● THE TASK
Which lines make up the answer? Those from the line with "COMPRESOR C/ACEITE 2 HP NURC2/24 CM2ME" through the end of the data; reproduce them exactly.

[Scraped caption text data]
_ _ _ _

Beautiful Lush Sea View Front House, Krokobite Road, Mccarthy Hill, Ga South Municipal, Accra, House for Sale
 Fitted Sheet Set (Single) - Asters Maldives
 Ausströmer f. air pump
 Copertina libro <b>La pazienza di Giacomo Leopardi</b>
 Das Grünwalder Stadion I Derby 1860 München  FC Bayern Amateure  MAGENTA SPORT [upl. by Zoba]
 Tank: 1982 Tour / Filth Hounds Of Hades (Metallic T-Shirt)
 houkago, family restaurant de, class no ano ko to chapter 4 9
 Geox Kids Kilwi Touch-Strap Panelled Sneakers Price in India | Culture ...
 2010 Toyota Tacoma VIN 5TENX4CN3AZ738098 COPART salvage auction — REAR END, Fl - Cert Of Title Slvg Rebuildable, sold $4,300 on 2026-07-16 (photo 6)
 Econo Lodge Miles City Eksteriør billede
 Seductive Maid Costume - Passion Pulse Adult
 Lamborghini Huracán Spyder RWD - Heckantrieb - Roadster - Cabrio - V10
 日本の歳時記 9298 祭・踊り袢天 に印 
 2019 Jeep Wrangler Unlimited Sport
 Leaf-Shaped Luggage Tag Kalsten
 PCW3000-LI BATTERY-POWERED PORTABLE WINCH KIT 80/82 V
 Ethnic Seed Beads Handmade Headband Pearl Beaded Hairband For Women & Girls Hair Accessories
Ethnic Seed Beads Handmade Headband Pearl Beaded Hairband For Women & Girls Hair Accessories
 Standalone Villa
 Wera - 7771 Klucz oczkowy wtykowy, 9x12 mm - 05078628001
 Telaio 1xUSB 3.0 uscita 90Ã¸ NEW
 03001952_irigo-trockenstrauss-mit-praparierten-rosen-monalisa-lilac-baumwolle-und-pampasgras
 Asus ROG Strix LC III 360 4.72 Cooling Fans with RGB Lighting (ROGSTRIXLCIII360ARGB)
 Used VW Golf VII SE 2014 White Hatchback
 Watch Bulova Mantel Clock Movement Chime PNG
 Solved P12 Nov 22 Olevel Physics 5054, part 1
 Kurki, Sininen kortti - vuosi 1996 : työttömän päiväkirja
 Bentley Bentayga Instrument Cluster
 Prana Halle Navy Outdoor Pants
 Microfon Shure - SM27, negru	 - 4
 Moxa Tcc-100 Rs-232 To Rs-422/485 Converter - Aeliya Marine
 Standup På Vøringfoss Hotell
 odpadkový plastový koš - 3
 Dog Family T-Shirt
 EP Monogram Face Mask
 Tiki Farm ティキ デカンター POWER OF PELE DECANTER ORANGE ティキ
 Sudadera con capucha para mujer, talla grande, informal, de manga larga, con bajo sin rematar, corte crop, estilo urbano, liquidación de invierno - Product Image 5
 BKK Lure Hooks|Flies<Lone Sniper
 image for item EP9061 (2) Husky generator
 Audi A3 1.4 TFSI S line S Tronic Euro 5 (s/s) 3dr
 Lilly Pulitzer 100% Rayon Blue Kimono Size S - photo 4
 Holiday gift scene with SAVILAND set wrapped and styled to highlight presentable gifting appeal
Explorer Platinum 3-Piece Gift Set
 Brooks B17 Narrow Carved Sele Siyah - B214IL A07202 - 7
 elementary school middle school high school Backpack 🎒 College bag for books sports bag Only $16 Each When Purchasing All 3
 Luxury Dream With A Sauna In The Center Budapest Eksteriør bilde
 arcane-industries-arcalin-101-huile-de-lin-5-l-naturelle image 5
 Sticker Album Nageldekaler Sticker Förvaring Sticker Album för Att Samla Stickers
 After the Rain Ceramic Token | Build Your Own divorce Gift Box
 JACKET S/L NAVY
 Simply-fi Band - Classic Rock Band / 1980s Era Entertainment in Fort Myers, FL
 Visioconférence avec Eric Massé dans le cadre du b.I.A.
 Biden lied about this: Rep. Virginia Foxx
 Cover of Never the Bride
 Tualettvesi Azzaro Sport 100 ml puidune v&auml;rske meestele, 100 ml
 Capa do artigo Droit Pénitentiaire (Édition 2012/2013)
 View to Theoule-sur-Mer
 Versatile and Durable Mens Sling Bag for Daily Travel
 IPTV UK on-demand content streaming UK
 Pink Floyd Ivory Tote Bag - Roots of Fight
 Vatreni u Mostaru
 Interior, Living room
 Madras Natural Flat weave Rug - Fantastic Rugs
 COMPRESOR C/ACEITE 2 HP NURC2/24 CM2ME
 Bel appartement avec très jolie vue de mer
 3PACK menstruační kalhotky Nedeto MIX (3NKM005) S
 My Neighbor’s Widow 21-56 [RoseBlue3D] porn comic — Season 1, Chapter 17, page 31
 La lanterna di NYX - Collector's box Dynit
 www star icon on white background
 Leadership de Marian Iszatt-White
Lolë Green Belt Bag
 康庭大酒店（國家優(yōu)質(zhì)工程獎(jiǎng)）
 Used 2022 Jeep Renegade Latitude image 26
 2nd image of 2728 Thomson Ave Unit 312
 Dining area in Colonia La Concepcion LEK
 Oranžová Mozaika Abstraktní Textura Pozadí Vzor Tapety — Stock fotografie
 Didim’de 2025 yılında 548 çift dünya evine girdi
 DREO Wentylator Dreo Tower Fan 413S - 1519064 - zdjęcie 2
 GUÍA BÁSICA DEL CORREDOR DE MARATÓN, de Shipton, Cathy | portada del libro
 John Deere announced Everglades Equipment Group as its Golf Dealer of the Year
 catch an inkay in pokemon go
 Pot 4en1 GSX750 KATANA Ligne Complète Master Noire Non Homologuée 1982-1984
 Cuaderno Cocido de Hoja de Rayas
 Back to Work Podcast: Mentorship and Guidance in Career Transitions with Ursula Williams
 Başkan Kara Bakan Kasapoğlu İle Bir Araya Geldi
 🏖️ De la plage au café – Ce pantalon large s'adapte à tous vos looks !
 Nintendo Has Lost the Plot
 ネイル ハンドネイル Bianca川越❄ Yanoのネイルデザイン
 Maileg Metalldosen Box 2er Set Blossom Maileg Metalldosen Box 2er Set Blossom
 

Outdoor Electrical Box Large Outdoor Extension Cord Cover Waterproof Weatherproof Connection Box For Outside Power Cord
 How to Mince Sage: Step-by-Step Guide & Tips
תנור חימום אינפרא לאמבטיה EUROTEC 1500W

_ _ _ _

● TASK OUTPUT
 COMPRESOR C/ACEITE 2 HP NURC2/24 CM2ME
 Bel appartement avec très jolie vue de mer
 3PACK menstruační kalhotky Nedeto MIX (3NKM005) S
 My Neighbor’s Widow 21-56 [RoseBlue3D] porn comic — Season 1, Chapter 17, page 31
 La lanterna di NYX - Collector's box Dynit
 www star icon on white background
 Leadership de Marian Iszatt-White
Lolë Green Belt Bag
 康庭大酒店（國家優(yōu)質(zhì)工程獎(jiǎng)）
 Used 2022 Jeep Renegade Latitude image 26
 2nd image of 2728 Thomson Ave Unit 312
 Dining area in Colonia La Concepcion LEK
 Oranžová Mozaika Abstraktní Textura Pozadí Vzor Tapety — Stock fotografie
 Didim’de 2025 yılında 548 çift dünya evine girdi
 DREO Wentylator Dreo Tower Fan 413S - 1519064 - zdjęcie 2
 GUÍA BÁSICA DEL CORREDOR DE MARATÓN, de Shipton, Cathy | portada del libro
 John Deere announced Everglades Equipment Group as its Golf Dealer of the Year
 catch an inkay in pokemon go
 Pot 4en1 GSX750 KATANA Ligne Complète Master Noire Non Homologuée 1982-1984
 Cuaderno Cocido de Hoja de Rayas
 Back to Work Podcast: Mentorship and Guidance in Career Transitions with Ursula Williams
 Başkan Kara Bakan Kasapoğlu İle Bir Araya Geldi
 🏖️ De la plage au café – Ce pantalon large s'adapte à tous vos looks !
 Nintendo Has Lost the Plot
 ネイル ハンドネイル Bianca川越❄ Yanoのネイルデザイン
 Maileg Metalldosen Box 2er Set Blossom Maileg Metalldosen Box 2er Set Blossom
 

Outdoor Electrical Box Large Outdoor Extension Cord Cover Waterproof Weatherproof Connection Box For Outside Power Cord
 How to Mince Sage: Step-by-Step Guide & Tips
תנור חימום אינפרא לאמבטיה EUROTEC 1500W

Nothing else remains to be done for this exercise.